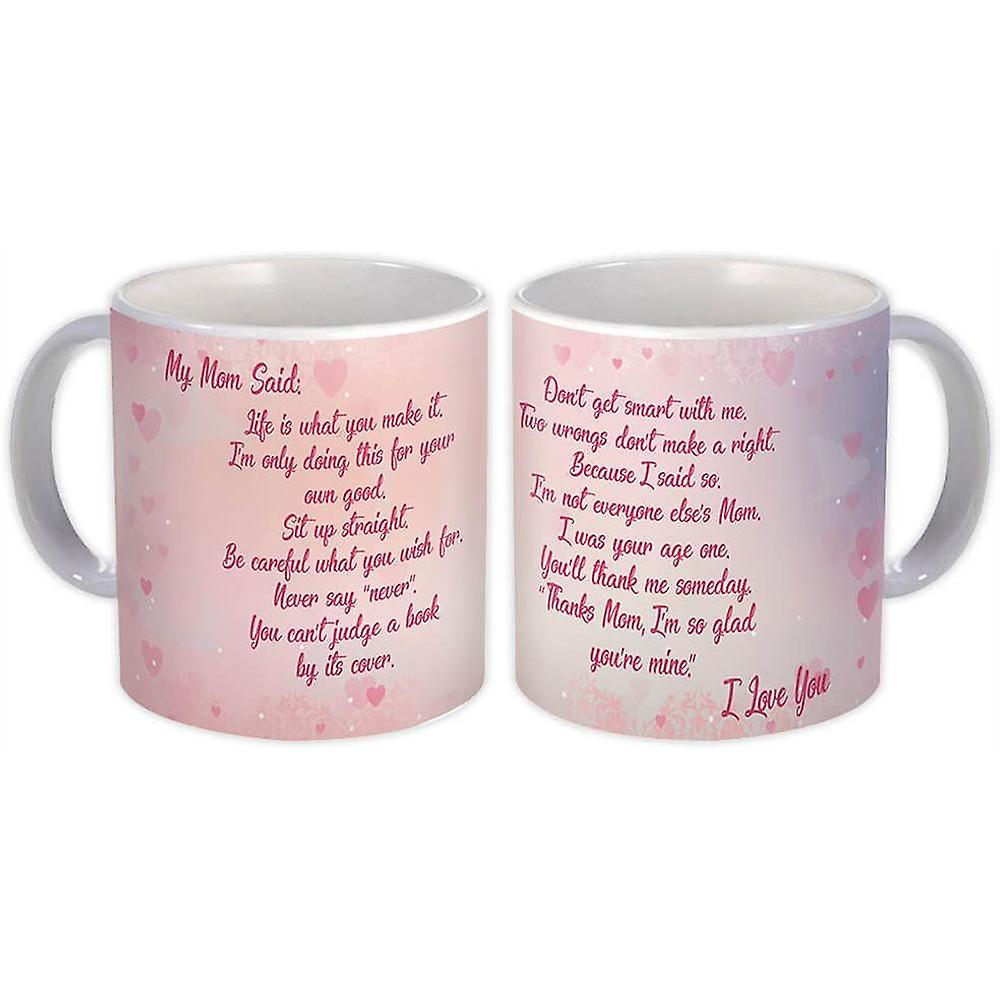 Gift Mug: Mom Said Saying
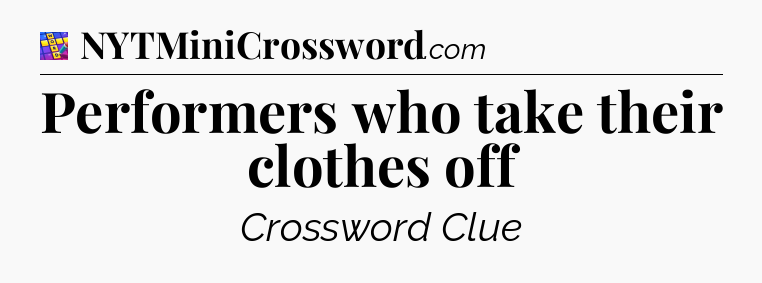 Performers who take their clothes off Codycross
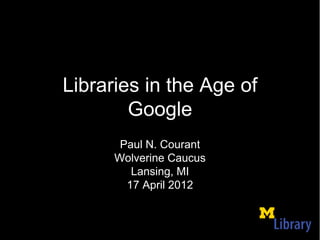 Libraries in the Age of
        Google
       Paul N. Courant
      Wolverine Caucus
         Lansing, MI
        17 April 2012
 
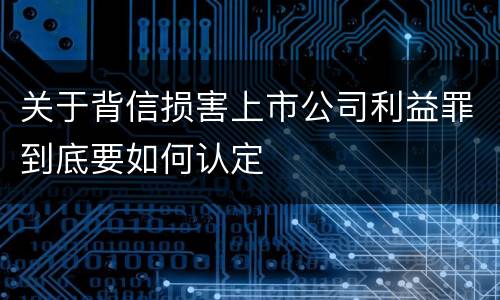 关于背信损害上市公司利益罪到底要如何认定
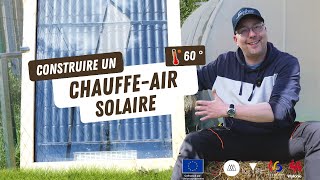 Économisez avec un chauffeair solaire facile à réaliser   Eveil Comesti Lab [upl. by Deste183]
...
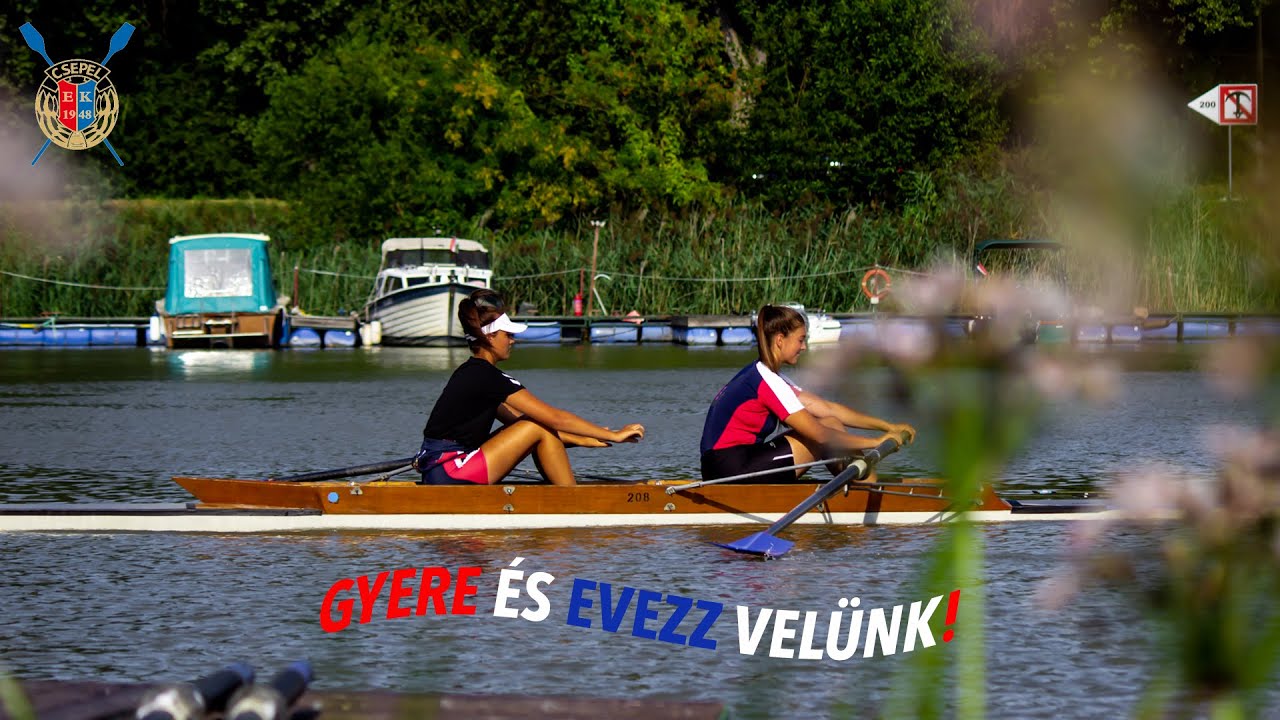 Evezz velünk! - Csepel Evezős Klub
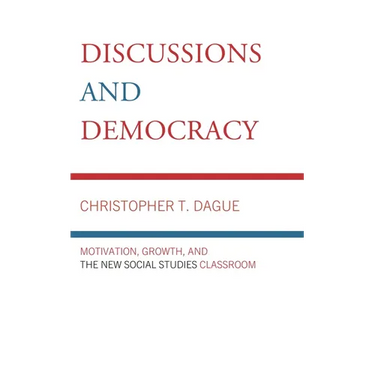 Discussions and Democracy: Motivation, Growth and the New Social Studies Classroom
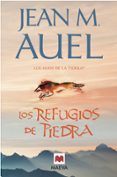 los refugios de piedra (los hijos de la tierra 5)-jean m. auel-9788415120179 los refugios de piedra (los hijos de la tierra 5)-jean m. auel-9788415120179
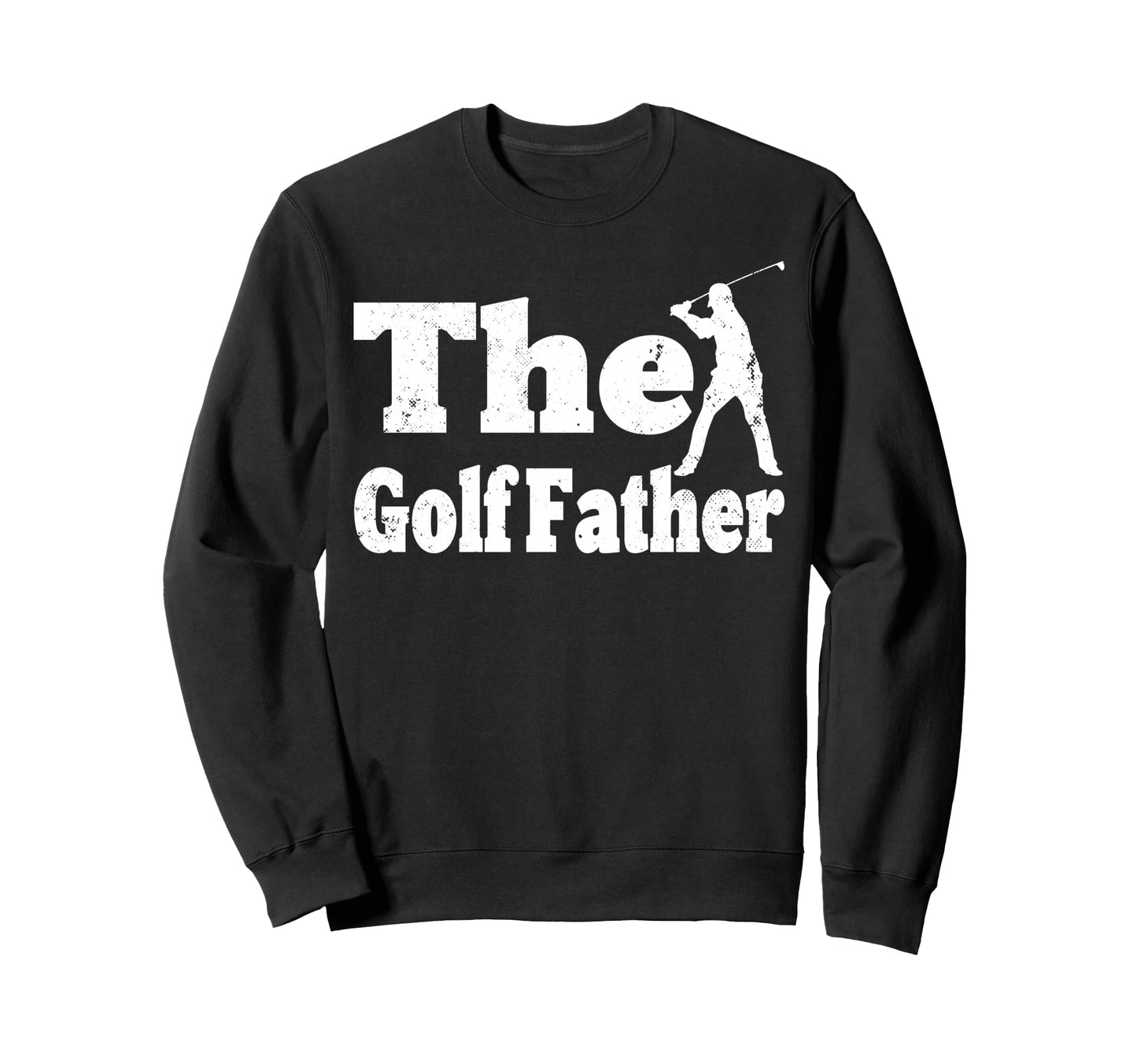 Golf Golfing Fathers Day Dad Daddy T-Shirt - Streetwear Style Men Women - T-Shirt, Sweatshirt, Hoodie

• **What to do**: From the listing above, restate verbatim the lines running from the one with "Gift Mug: Mom Said Saying" through the one with "关于背信损害上市公司利益罪到底要如何认定", inclusive, but not the pictures.

• **Exercise solution**:
 Gift Mug: Mom Said Saying
 Performers who take their clothes off Codycross
 Libraries in the Age of
        Google
       Paul N. Courant
      Wolverine Caucus
         Lansing, MI
        17 April 2012
 
 关于背信损害上市公司利益罪到底要如何认定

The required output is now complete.